# RIP Norman Bailey



## Barbebleu (May 17, 2015)

Here is a tribute to the great Norman Bailey who died on the 15th September, aged 88.

https://www.theguardian.com/music/2021/sep/22/norman-bailey-obituary


----------



## Woodduck (Mar 17, 2014)

Bailey seems to have been a superb singer whom I simply haven't heard enough of. I don't recall anyone here mentioning him.

Here's a beautiful rendering of "Wotan's farewell" in English. Maybe the poor recording is responsible for the fact that I can't understand a word of it.

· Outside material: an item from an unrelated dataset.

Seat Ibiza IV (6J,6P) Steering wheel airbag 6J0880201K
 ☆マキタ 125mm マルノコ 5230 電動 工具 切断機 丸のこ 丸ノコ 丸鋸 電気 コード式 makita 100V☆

I'm sure that in real life the man produced consonants as well as vowels.


----------



## 1846 (Sep 1, 2021)

He sings the title role in the Solti recording of _The Flying Dutchman._ Highly competent, well-regarded singer.


----------



## Itullian (Aug 27, 2011)

I have him in Solti's Dutchman and first Meistersinger and love them.
Thank you Maestro Bailey :tiphat: :angel:


----------



## Becca (Feb 5, 2015)

Woodduck said:


> Bailey seems to have been a superb singer whom I simply haven't heard enough of. I don't recall anyone here mentioning him.


Then you haven't been paying sufficient attention to my posts 

BTW, he did Wotan's farewell which is included with Klemperer's Walkure act 1.


----------



## Pure Fool (Jul 30, 2018)

Rest In Peace, Great One. I love his performance as Wotan in Goodall's Ring.


----------